Reproduce the top of the data verbatim, through and including the line that contains "タッパーウェア Tupperware マストロクックウェア".
[Data shown — start]
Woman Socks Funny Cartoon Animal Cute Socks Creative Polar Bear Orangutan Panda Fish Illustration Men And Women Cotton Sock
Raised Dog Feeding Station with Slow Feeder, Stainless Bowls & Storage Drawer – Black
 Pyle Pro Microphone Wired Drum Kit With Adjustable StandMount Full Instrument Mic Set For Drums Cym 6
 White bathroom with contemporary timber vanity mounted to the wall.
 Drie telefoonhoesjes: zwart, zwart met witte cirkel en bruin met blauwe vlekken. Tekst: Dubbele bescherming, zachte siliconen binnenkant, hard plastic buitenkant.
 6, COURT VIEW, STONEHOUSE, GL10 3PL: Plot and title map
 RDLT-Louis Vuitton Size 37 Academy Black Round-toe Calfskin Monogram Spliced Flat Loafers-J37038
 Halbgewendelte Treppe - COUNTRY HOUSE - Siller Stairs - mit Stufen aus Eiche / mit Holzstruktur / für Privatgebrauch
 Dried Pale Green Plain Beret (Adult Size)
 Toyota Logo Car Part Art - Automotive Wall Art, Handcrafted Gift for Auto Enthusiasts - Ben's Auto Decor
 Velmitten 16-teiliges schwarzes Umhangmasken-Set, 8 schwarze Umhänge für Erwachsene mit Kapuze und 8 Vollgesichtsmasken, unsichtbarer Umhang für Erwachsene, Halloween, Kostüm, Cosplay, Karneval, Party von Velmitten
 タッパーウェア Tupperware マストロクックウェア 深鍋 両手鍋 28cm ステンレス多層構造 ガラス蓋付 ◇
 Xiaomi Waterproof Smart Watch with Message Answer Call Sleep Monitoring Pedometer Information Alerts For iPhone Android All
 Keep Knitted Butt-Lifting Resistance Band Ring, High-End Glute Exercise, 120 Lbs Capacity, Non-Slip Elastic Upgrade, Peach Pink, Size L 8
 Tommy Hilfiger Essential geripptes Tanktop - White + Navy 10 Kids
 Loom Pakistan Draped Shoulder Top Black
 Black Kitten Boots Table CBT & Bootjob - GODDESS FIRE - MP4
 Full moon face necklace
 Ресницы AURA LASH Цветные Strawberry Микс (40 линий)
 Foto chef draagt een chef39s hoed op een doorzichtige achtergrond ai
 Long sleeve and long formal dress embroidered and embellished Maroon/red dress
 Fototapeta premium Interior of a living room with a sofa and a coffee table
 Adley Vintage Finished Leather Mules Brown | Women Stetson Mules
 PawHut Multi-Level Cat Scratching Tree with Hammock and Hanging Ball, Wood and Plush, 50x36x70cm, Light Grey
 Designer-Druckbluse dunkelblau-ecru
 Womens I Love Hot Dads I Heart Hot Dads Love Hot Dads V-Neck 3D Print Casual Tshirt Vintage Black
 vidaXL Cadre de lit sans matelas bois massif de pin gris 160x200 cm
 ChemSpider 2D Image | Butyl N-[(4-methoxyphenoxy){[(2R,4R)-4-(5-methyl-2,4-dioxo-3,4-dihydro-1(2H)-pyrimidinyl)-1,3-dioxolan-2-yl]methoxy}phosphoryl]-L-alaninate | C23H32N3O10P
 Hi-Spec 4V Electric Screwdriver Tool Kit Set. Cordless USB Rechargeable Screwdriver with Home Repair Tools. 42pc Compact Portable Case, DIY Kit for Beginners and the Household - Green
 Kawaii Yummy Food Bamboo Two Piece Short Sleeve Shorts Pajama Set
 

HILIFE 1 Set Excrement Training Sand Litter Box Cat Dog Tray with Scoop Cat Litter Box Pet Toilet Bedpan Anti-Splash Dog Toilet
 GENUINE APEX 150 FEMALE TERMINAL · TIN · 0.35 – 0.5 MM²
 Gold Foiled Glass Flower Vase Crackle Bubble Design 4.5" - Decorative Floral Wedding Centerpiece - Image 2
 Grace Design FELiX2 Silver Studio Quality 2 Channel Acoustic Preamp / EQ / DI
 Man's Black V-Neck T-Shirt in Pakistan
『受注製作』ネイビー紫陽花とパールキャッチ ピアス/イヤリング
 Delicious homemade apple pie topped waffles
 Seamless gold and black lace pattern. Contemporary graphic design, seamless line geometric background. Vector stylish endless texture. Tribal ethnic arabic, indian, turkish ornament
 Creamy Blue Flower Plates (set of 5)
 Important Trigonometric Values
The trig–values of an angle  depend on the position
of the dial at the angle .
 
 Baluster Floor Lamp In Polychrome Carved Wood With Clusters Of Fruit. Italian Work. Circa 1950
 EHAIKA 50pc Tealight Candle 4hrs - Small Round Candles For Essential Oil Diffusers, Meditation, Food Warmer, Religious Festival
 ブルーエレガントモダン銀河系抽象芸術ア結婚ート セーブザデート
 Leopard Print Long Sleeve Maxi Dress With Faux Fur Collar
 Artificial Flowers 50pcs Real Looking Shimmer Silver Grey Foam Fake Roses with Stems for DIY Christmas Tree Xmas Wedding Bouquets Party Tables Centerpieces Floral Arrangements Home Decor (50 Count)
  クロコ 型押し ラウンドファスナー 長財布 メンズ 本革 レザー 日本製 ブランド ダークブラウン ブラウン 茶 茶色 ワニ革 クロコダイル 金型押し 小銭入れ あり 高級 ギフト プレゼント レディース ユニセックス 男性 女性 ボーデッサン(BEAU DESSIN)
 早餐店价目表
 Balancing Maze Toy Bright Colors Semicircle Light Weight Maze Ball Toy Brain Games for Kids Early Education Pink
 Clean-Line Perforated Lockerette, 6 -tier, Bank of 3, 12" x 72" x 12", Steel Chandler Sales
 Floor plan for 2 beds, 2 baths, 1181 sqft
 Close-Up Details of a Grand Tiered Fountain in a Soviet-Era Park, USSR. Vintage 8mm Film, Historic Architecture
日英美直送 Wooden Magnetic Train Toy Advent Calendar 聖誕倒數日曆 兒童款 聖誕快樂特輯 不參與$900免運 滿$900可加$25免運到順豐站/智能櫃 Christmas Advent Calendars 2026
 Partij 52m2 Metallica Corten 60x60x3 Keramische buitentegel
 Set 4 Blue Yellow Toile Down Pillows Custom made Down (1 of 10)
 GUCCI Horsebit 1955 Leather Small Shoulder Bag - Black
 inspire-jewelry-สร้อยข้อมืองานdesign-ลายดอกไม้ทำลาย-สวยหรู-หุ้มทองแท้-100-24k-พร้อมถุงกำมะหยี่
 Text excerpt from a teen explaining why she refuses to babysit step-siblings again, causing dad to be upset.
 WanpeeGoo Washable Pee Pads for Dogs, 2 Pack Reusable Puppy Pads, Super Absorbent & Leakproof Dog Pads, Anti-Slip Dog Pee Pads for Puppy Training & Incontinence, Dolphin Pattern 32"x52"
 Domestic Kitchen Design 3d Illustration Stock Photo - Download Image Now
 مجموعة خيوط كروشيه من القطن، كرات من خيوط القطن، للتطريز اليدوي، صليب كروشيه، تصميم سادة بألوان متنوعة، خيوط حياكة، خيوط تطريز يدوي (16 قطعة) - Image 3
[Data shown — finish]
=== Output of the exercise ===
Woman Socks Funny Cartoon Animal Cute Socks Creative Polar Bear Orangutan Panda Fish Illustration Men And Women Cotton Sock
Raised Dog Feeding Station with Slow Feeder, Stainless Bowls & Storage Drawer – Black
 Pyle Pro Microphone Wired Drum Kit With Adjustable StandMount Full Instrument Mic Set For Drums Cym 6
 White bathroom with contemporary timber vanity mounted to the wall.
 Drie telefoonhoesjes: zwart, zwart met witte cirkel en bruin met blauwe vlekken. Tekst: Dubbele bescherming, zachte siliconen binnenkant, hard plastic buitenkant.
 6, COURT VIEW, STONEHOUSE, GL10 3PL: Plot and title map
 RDLT-Louis Vuitton Size 37 Academy Black Round-toe Calfskin Monogram Spliced Flat Loafers-J37038
 Halbgewendelte Treppe - COUNTRY HOUSE - Siller Stairs - mit Stufen aus Eiche / mit Holzstruktur / für Privatgebrauch
 Dried Pale Green Plain Beret (Adult Size)
 Toyota Logo Car Part Art - Automotive Wall Art, Handcrafted Gift for Auto Enthusiasts - Ben's Auto Decor
 Velmitten 16-teiliges schwarzes Umhangmasken-Set, 8 schwarze Umhänge für Erwachsene mit Kapuze und 8 Vollgesichtsmasken, unsichtbarer Umhang für Erwachsene, Halloween, Kostüm, Cosplay, Karneval, Party von Velmitten
 タッパーウェア Tupperware マストロクックウェア 深鍋 両手鍋 28cm ステンレス多層構造 ガラス蓋付 ◇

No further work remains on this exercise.